Half Moon Street - Anne Perry [70]
“ ‘Mother, Mother, Mother!’ ” Orlando called from the wings.
Cecily turned to Bellmaine. “ ‘I’ll warrant you: Fear me not— withdraw, I hear him coming.’ ”
In a single, oddly graceful movement for one aping age, Bellmaine slipped behind the screen.
Orlando came onto the stage. “ ‘Now, Mother, what’s the matter?’ ”
“ ‘Hamlet, thou hast thy father much offended,’ ” Cecily answered, her voice carrying the same considered music.
Orlando’s face was strained, his eyes wide and dark. There was a harshness in him of emotion so tightly held in, and yet so tormented, he was at the edge of breaking. “ ‘Mother, you have my father much offended.’ ”
Pitt watched in fascination as people he had seen in totally different characters took on the roles familiar to every generation for nearly three hundred years. He had studied Hamlet in the schoolroom on Sir Arthur Desmond’s estate. He had read the soliloquy himself with Matthew and pulled it apart to its separate elements. Yet in front of him it now became a story of people with lives as real as his own. He watched the queen’s guilt, Polonius’s death, Hamlet’s torture, all created with voice and gestures on a bare stage and then shattered in an instant as the actors stopped, threw parts aside, and became themselves again.
“Too quick,” Bellmaine criticized, looking at Orlando. “Your accusation blurs the words. Hamlet is in fury and indignation, but the audience still needs to hear the substance of his charge. You are too realistic.”
Orlando smiled. “Sorry. Should I hesitate before ‘heaven’s face doth glow’?”
“Try it,” Bellmaine agreed with enthusiasm. He turned to Cecily. “You are pleading. Guilt is angrier. You are trying too hard to win the audience’s sympathy.”
She shrugged an apology.
“Again,” he ordered. “From Hamlet’s entrance.”

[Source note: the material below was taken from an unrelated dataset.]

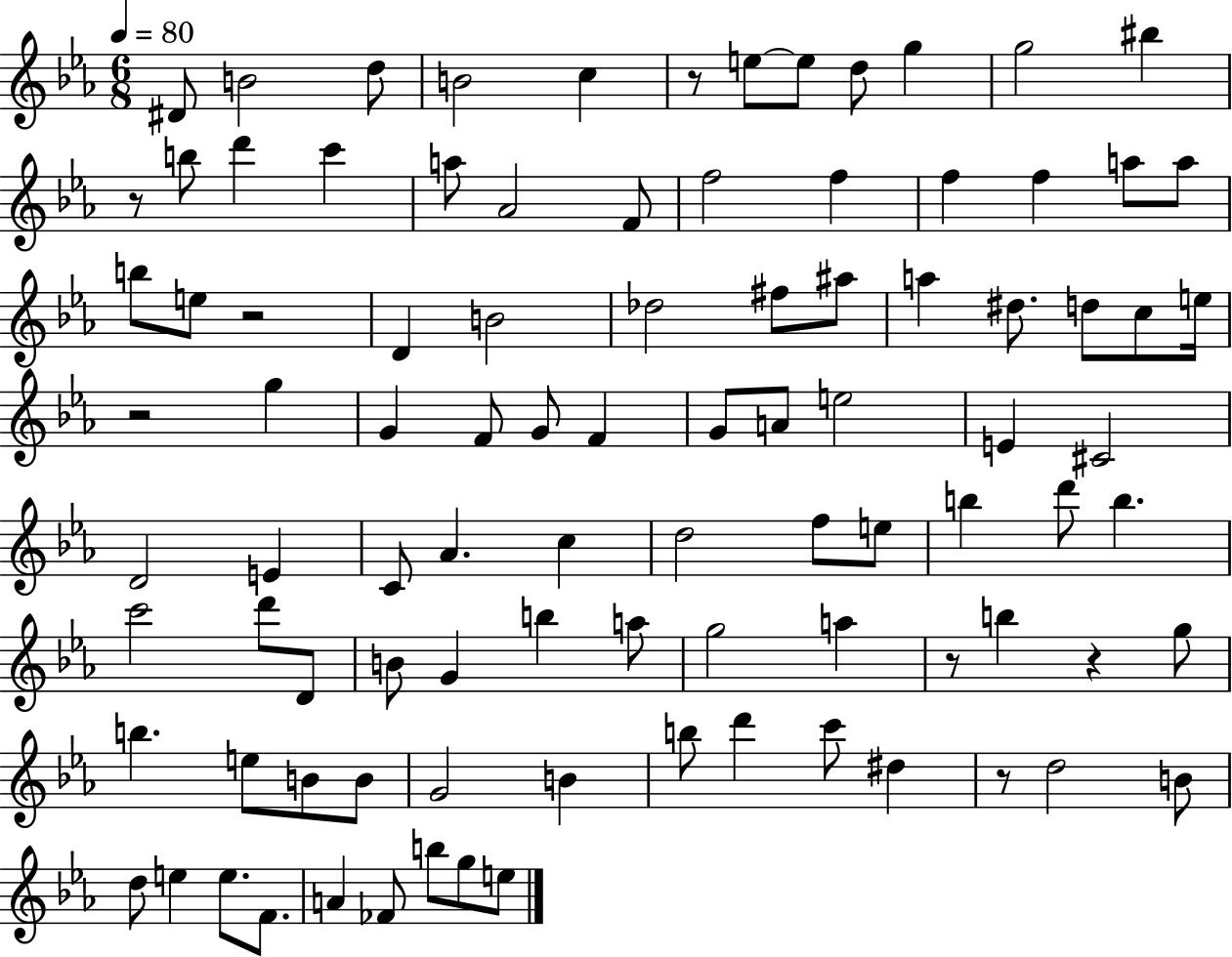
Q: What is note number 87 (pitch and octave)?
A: G5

Pitt watched them go through it a second time, and a third, and a fourth. He marveled at their patience, and even more at the emotional energy that invested them with passion each time, picking up halfway through a scene, with its changing moods, and throwing themselves into it. Only twice did anyone need prompting, and then continuance was immediate. They seemed able to create the illusion of an entire world by the power of their own belief, and yet to remember someone else’s words and speak them as if they were their own.

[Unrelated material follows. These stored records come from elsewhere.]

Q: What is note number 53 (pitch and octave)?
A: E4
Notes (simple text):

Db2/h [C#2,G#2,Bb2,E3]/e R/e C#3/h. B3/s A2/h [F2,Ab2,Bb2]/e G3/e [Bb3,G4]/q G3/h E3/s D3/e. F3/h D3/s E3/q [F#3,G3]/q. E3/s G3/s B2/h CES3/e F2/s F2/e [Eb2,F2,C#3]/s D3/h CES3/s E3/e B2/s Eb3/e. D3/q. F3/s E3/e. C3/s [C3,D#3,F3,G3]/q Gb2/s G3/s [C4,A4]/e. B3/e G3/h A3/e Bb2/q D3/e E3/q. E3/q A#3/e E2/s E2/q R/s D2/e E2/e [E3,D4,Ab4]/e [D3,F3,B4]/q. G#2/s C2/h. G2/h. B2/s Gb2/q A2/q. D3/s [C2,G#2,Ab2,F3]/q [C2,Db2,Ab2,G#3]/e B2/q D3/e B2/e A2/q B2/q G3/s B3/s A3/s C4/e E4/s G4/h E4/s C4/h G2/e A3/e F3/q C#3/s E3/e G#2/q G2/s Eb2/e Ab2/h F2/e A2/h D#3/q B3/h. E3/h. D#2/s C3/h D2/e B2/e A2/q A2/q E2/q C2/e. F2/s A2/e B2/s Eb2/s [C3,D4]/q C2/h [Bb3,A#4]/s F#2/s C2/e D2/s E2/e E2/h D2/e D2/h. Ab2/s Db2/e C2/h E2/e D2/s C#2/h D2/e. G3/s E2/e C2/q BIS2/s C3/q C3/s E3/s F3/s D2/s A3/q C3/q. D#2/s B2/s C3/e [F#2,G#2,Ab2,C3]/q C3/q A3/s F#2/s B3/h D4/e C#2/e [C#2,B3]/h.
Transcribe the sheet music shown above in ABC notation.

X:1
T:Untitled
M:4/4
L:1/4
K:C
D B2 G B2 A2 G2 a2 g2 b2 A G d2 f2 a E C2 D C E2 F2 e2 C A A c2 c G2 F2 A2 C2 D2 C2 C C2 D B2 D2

Finally Bellmaine allowed them some respite, and for the first time Pitt noticed that several other actors and actresses had appeared, ready to rehearse their parts. He tried to imagine them in the costumes of a far earlier period, and see them as they would be in character. A young woman with fair hair and a high forehead he thought to be Ophelia, and as soon as the recognition came to him, he saw Delbert Cathcart obscenely splayed out in the punt, dressed in the green velvet gown in parody of ecstasy and death.
He rose to his feet from where he had been sitting on a pine box.
“Excuse me . . .”
“My dear fellow,” Bellmaine said straightaway. “I can’t be doing auditioning now. Go and see Mr. Jackson. He’ll talk with you. If you can be prompt, come and go exactly as you are told, stay sober and only speak when you are spoken to, a guinea a week and you have begun your career on the stage.” He smiled, and his whole countenance was illuminated with sudden charm. “You never know where it will lead. Tour with us in the provinces, get a small part and we’ll pay you up to twenty-five shillings . . . thirty-five in time. Now be a good chap and go and look for Jackson. He’s probably around at the back somewhere, scenery and lighting, don’t you know.”
Pitt smiled in spite of himself. “I’m not looking for a career on the stage, Mr. Bellmaine. I am from the Bow Street police station . . . Superintendent Pitt . . .”
Cecily looked up from the edge of the stage where she was sitting. “My goodness, it’s the policeman friend of Joshua’s. Polonius is alive and well, I assure you!” Since Bellmaine was standing between them, that was incontestable.
“I should hardly arrest Hamlet, ma’am,” Pitt promised. “The nation would never forgive me.”